Forget being the face of the indie rock scene in Champaign (whatever that means). Ryan Groff seems to want to be one of the voices of American rock. Period. Which leaves me to ask myself, what the hell is wrong with playing music and actually acting like you want lots of people to enjoy it? Too many bands still take the opposite approach, working hard on music and then seeming to not care if people listen or not. That's probably the type of band I would be in, and we'd probably suck.


It is not like Elsinore is plopping down three power chords and singing throw away lyrics about the California coastline. The band's songs are populated with fairly dense musical and lyrical themes. Sure the music is often pretty, but with the exception of "Yes Yes Yes", their songs mostly make their listeners earn it. Plus, Groff writes songs that work well for his band's strengths and clearly doesn't concern himself too much with the latest musical headwinds. Despite the band's continued use of keyboard and the occasional use of reverb effects, you are not likely to mistake them for Beach House. This may partially explain why it's taken last year's Yes Yes Yes so long to gain the type of exposure many locals expected right away.

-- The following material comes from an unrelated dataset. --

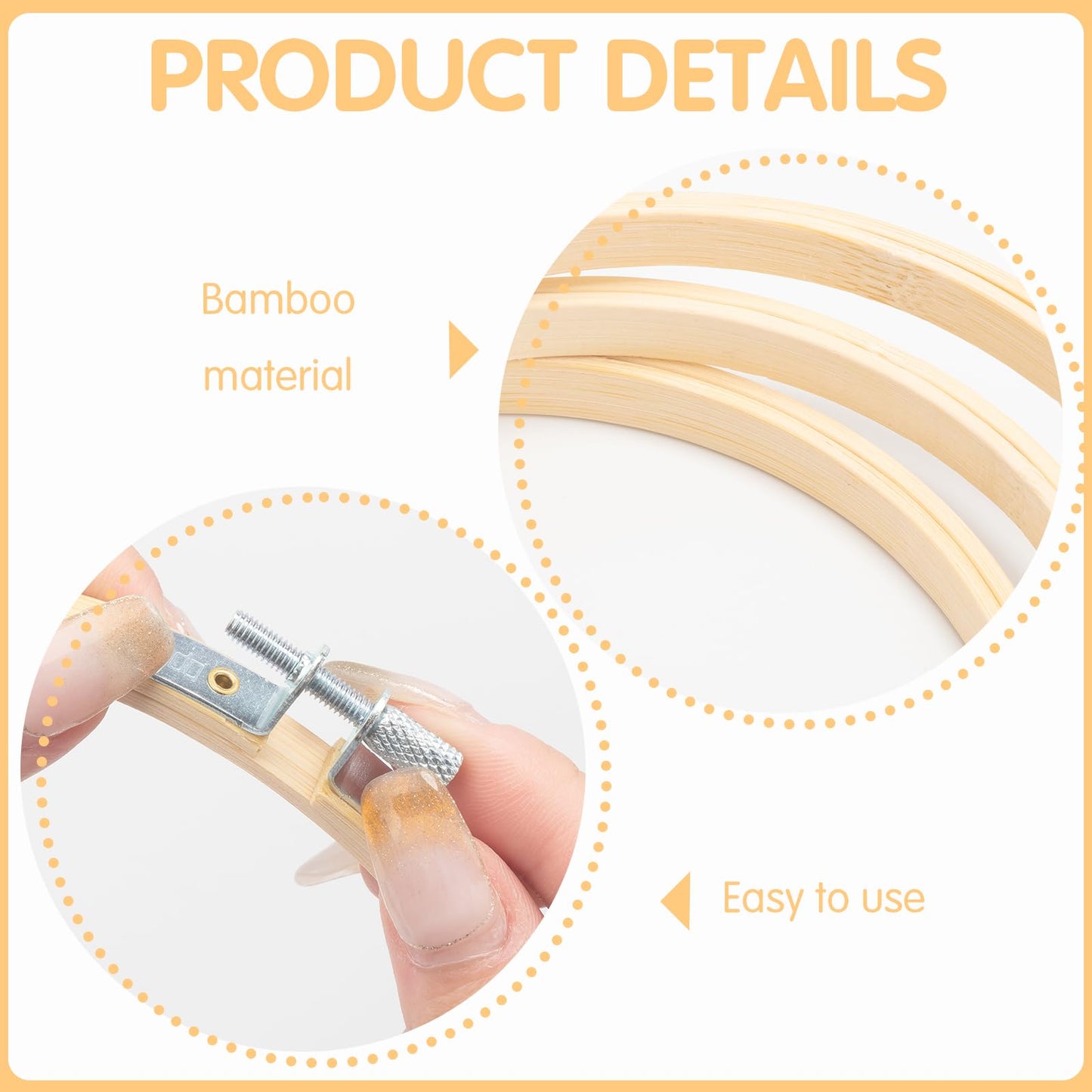 Weysat 5 Inch Embroidery Hoops Bulk Bamboo Circle Cross Stitch Hoop Round Ring Easily Loosen Tighten Bamboo Embroidery Frame Adjustable for Art Handy Sewing Wall Decoration Craft (36 Pcs)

But that release is finally building buzz with prominent advertising campaigns and exposure on national television shows, making this is an opportune time to release some new music. So along comes the new Life Inside an Elephant EP, and the title track sounds appropriately gigantic. The song was written to bellow off the walls of a stadium. Listening on headphones, it almost sounds like there is a crowd murmuring in the background as the first notes hang out in the air. The guitar riff starts up, and in comes the ever-upward keyboard line. The rest of the song focuses on Elsinore's strengths — driving melodies, massive guitar chords and lots of room for Groff's vocals.  The music builds and builds to the inevitable climactic moment, only to have things quickly pulled away for the slow fade out. Other bands may have just sat on the big moment for too long or continued to build to a more furious peak, but Elsinore wisely holds back, and the song is more powerful for it.

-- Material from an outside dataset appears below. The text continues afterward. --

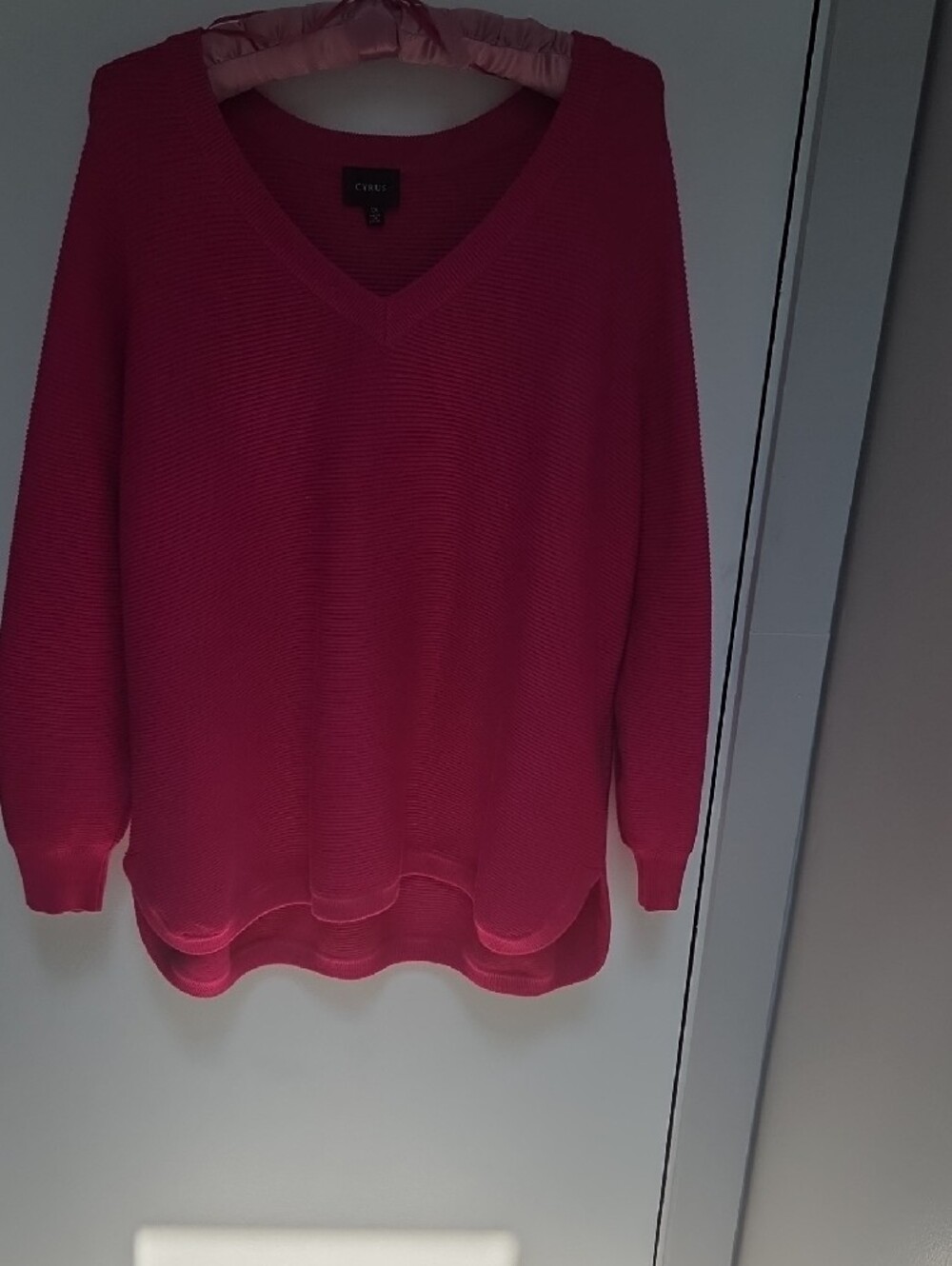 Cyrus Raspberry Pink V-Neck Sweater - Picture 2 of 5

The other tracks on the EP are hold-me-overs until (I assume) they will appear in different form on a full length. Both of the "chamber" mixes feel like they are not fully there, sketches of the songs to come. These are the versions it would be fun to hear after you are familiar with the final album version. It's not that they aren't lovely, but I feel like I'm getting the bonus tracks, and I really just want the definitive version. Despite these gripes, lovers of Groff's pipes are bound to enjoy the way his voice melds with the strings on "The Thermostat, The Telephone".

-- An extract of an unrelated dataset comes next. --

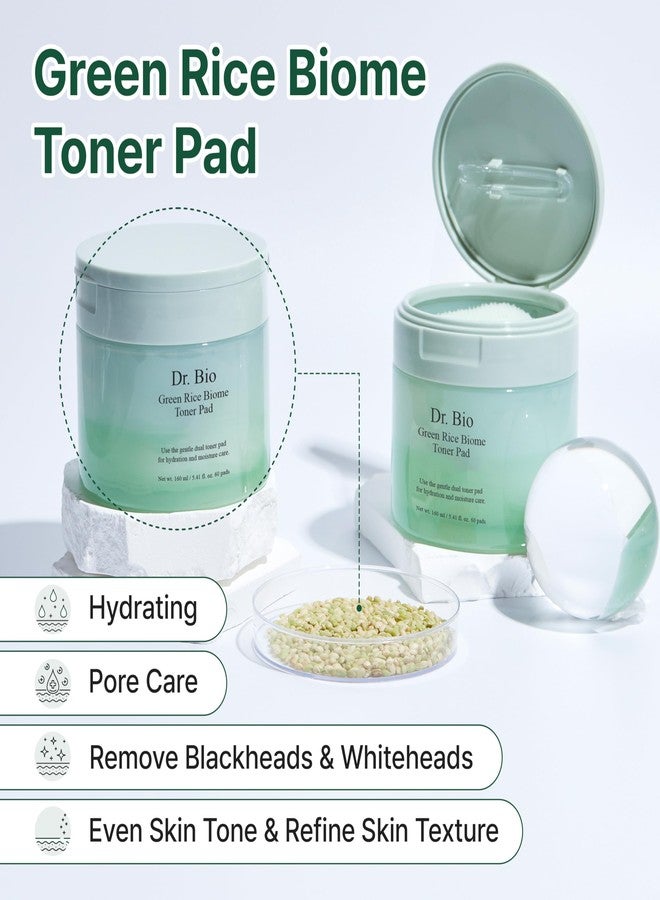 Dr.Bio Green Rice Biome Toner Pad (5.54oz/60 Pads) with Probiotic, Exfoliating, Remove Blackheads & Whiteheads, Radiant Skin, Dual-Sided Pad for Sensitive Skin, Fragrance-Free, Vegan Korean Skincare - Image 2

The chamber version of "Ultraviolence," a song with some of Elsinore's most unflinching lyrics, is more of a keeper. It's helped along by the ubiquitous Vivian McConnell (Santah, Grandkids) whose duet with Groff works much better than I would have expected. The song also has a harp (replacing a keyboard line?), so that's nice. But I'm still holding out for the buoyant version that is bound to be on the next proper album. My only question is whether McConnell will appear on that as well.

The EP ends with a remix of "Life Inside an Elephant" which is fine, but not really all that necessary.

I get the feeling that Ryan Groff is the type of guy that, in another lifetime, would be the unemployed businessman who still puts on a suit to watch TV every day. Put another way, in an era where bands like Animal Collective consistently seem indifferent to the huge audiences they have, Elsinore continues to play to the audience they want. And if this EP is an accurate preview of the things to come, expect them to start finding the stadiums to fill their songs.